▶ Recorded information:
--- START ---
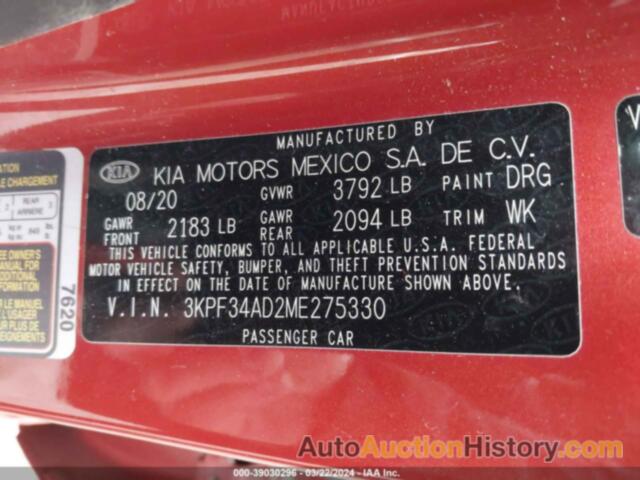 KIA FORTE GT LINE, 3KPF34AD2ME275330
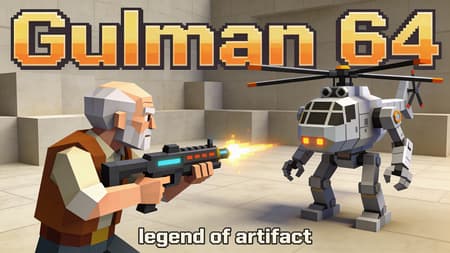 Low-poly Old Man Fighting Robot Helicopter Create a portrait image with the game's splash screen for the Nintendo 64 system. It will feature the old man from image 1, holding a plasma rifle and facing a boss helicopter. Rotate the man so he's facing his opponent. The boss helicopter is an anthropomorphic cyborg robot with a helicopter head and rotor blades. Like the main character, he's designed in the style of poorly rendered low-poly models from early 3D games. Add the game title "Gulman 64", and add the abbreviation "legend of artifact" below the main title in a smaller font.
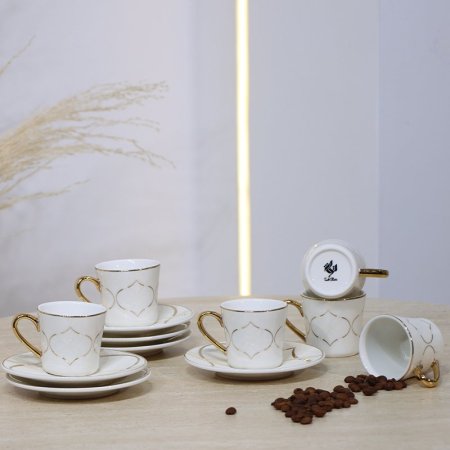 طقم فناجين قهوة 6/6 بورسلان بيج مخطط بني 5053-6S-1954-1G ++ع.ج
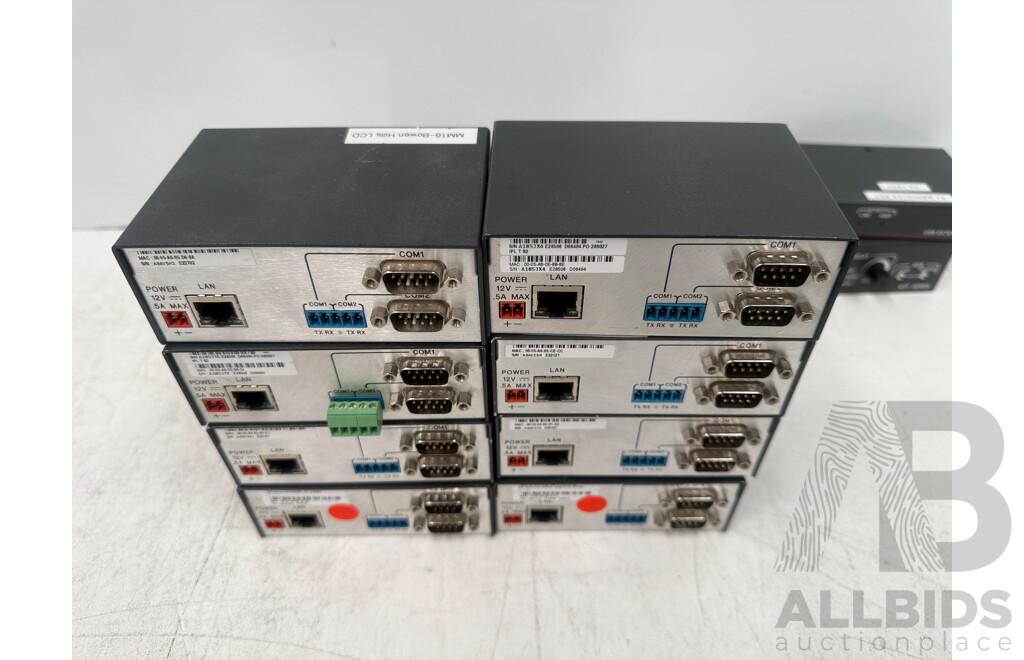 1x Extron IPLTS2 + 1x Extron USB Extender TX + 4x Extron USB Extender Plus R Receiver + 9x Extron IPLTS2 IP Link Controller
--- END ---
▶ What you should do: Copy all the material exactly; omit images.

▶ Response area:
 KIA FORTE GT LINE, 3KPF34AD2ME275330
 Low-poly Old Man Fighting Robot Helicopter Create a portrait image with the game's splash screen for the Nintendo 64 system. It will feature the old man from image 1, holding a plasma rifle and facing a boss helicopter. Rotate the man so he's facing his opponent. The boss helicopter is an anthropomorphic cyborg robot with a helicopter head and rotor blades. Like the main character, he's designed in the style of poorly rendered low-poly models from early 3D games. Add the game title "Gulman 64", and add the abbreviation "legend of artifact" below the main title in a smaller font.
 طقم فناجين قهوة 6/6 بورسلان بيج مخطط بني 5053-6S-1954-1G ++ع.ج
 1x Extron IPLTS2 + 1x Extron USB Extender TX + 4x Extron USB Extender Plus R Receiver + 9x Extron IPLTS2 IP Link Controller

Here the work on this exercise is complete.